- Theatrical release poster
- Directed by: Éric Judor
- Written by: Ramzy Bedia Éric Judor Nicolas Orzeckowski
- Produced by: Alain Goldman Ramzy Bedia Éric Judor Luc Bourdarias David Claikens Serge de Poucques Julien Deris Marc Dujardin David Gauquié Sylvain Goldberg Etienne Mallet Alex Verbaere
- Starring: Ramzy Bedia Éric Judor
- Cinematography: Vincent Muller
- Edited by: Jean-Denis Buré
- Production company: Légende Films
- Distributed by: Légende Distribution
- Release date: 10 February 2016;
- Running time: 88 minutes
- Country: France
- Language: French
- Budget: $14.2 million
- Box office: $2.4 million

= La Tour 2 contrôle infernale =

La Tour de contrôle infernale (or La Tour 2 contrôle infernale on the billing, often used in the medias) is a French-Belgian surreal crime comedy film written, produced and starred by Éric Judor and Ramzy Bedia, released in 2016.

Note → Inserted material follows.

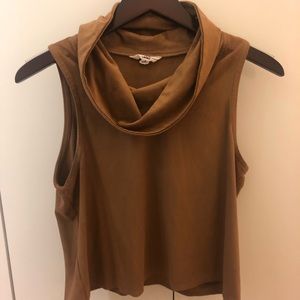 Faux suede sleeveless cowlneck top size small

It is a prequel of the film La Tour Montparnasse Infernale, directed by Charles Nemes and released in 2001.

== Synopsis ==
1982. Ernest Krakenkrick and Bachir Bouzouk are about to become pilots in the French army. But after the bad consequences of a test undertaken with the centrifuge, they are forced to give up their dream. They are eventually given the position of baggage handler at Orly-West Airport in Paris. But one night, there is a hostage-taking in the airport and the "Moustachious", a group of terrorists, take hold of the control tower. While the Home Secretary tries to make a deal with the criminals, Ernest and Bachir do their best to save the airport...

==Cast==
- Éric Judor as Ernest Krakenkriek
- Ramzy Bedia as Bachir Bouzouk
- Marina Foïs as Karine Lanceval (mother of Stéphanie Lanceval of the first movie)
- Philippe Katerine as Colonel Janouniou
- Serge Riaboukine as "Le Méchant" (literally: The Villain) (brother of Machin of the first movie)
- Lionel Beyeke as Jean-Peter McCallaway
- William Gay as General Mangedeurme
- Grégoire Oestermann as The minister of the interior
- Michel Nabokoff as the father
- Charles Nemes as the consultant (Cameo appearance)
- Joel Jernidier as Zavier Le Black
- Alexis Van Stratum as Jean-Loup Muselime

==Reception==
La Tour 2 contrôle infernale received mixed reviews.

== Box office ==
The movie attracted 211 000 cinema-goers during the first week after being released, against 2.1 millions in total for La Tour Montparnasse infernale.